Still, I had it easy. Chelsea Manning will celebrate her birthday in jail on 17 December.
It is worth recalling what these drone operators told us:
Bryant said the killing of civilians by drone is exacerbating the problem of terrorism. “We kill four and create 10 [militants],” Bryant said. “If you kill someone’s father, uncle or brother who had nothing to do with anything, their families are going to want revenge.”
The Obama administration has gone to great lengths to keep details of the drone program secret, but in their statements today the former operators opened up about the culture that has developed among those responsible for carrying it out. Haas said operators become acculturated to denying the humanity of the people on their targeting screens. “There was a much more detached outlook about who these people were we were monitoring,” he said. “Shooting was something to be lauded and something we should strive for.”
The deaths of children and other non-combatants in strikes was rationalized by many drone operators, Haas said. As a flight instructor, Haas claimed to have been non-judicially reprimanded by his superiors for failing a student who had expressed “bloodlust,” an overwhelming eagerness to kill.

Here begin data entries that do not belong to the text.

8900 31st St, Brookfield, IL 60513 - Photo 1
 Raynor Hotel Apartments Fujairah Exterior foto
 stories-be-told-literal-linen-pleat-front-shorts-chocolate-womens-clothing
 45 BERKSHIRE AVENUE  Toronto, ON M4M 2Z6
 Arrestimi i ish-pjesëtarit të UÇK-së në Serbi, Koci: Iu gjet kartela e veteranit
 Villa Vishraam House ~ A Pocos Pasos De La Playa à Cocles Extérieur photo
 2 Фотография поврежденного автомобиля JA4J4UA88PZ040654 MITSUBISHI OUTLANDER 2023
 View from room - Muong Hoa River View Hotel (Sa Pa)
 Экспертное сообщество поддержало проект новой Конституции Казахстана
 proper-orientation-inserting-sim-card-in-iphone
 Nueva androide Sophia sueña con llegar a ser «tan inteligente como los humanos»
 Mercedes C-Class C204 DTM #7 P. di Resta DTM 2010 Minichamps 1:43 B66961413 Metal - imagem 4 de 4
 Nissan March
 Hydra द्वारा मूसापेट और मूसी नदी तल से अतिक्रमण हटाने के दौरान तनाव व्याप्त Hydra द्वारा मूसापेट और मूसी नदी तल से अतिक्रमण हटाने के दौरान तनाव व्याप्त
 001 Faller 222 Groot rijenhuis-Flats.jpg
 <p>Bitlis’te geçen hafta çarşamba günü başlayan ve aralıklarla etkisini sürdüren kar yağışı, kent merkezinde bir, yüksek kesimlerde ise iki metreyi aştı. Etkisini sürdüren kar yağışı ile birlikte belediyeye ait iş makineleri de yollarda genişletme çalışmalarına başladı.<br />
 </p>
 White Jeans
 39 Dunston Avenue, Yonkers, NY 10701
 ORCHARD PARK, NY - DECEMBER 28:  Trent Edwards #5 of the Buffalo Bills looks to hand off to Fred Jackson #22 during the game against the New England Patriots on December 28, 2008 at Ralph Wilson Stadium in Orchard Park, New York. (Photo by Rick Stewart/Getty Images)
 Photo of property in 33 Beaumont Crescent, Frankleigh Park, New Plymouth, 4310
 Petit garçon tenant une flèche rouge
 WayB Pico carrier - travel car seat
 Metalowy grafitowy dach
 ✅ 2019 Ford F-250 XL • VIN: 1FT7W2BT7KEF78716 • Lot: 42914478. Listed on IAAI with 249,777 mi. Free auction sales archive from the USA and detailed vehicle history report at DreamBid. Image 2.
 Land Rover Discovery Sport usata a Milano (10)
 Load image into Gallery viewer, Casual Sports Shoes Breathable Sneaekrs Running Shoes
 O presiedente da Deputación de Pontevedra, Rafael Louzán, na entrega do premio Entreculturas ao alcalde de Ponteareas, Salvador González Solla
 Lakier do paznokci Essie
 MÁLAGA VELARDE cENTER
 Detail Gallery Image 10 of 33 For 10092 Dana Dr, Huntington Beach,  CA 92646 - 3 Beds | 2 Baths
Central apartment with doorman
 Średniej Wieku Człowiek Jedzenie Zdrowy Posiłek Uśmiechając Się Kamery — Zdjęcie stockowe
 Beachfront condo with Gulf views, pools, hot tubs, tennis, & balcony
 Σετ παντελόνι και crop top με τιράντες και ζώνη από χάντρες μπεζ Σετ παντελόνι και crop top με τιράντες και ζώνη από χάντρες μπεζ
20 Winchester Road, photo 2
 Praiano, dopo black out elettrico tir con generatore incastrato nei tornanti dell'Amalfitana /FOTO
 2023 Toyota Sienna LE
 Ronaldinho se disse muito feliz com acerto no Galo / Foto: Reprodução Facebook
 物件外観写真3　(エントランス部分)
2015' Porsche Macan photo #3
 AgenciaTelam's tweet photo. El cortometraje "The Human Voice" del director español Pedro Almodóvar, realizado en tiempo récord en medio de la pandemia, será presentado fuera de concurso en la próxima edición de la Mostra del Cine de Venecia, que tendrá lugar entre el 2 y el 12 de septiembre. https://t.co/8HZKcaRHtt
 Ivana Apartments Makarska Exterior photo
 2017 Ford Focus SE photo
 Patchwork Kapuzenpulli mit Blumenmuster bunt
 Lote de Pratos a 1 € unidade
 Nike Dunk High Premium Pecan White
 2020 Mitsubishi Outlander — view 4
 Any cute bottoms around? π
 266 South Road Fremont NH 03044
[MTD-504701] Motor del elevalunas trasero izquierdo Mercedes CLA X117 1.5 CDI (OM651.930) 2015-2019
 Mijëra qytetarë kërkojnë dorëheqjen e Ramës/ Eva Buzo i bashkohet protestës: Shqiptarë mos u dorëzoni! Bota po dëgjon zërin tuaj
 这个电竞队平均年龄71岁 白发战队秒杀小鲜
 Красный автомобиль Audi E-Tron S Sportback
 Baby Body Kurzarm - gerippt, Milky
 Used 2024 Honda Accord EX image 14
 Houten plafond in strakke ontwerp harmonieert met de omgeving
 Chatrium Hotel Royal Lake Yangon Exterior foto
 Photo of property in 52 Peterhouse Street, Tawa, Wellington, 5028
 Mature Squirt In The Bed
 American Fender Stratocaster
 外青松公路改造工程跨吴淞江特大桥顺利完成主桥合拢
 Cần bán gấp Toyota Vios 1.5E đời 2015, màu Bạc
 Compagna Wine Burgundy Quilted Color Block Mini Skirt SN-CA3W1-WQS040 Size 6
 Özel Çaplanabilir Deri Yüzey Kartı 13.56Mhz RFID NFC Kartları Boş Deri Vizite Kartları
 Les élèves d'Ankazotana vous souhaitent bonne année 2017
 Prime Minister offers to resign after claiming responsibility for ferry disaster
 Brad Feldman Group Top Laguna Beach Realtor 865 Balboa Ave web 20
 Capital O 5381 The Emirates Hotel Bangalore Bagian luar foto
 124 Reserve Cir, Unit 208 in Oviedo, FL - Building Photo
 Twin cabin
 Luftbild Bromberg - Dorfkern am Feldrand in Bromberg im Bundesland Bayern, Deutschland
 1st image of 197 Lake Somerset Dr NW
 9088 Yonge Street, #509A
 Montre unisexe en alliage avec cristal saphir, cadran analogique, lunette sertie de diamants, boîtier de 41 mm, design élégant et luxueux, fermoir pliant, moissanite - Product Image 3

Haas also described widespread alcohol and drug abuse among drone pilots. Drone operators, he said, would frequently get intoxicated using bath salts and synthetic marijuana to avoid possible drug testing and in an effort to “bend that reality and try to picture yourself not being there.” Haas said that he knew at least a half-dozen people in his unit who were using bath salts and that drug use had “impaired” them during missions.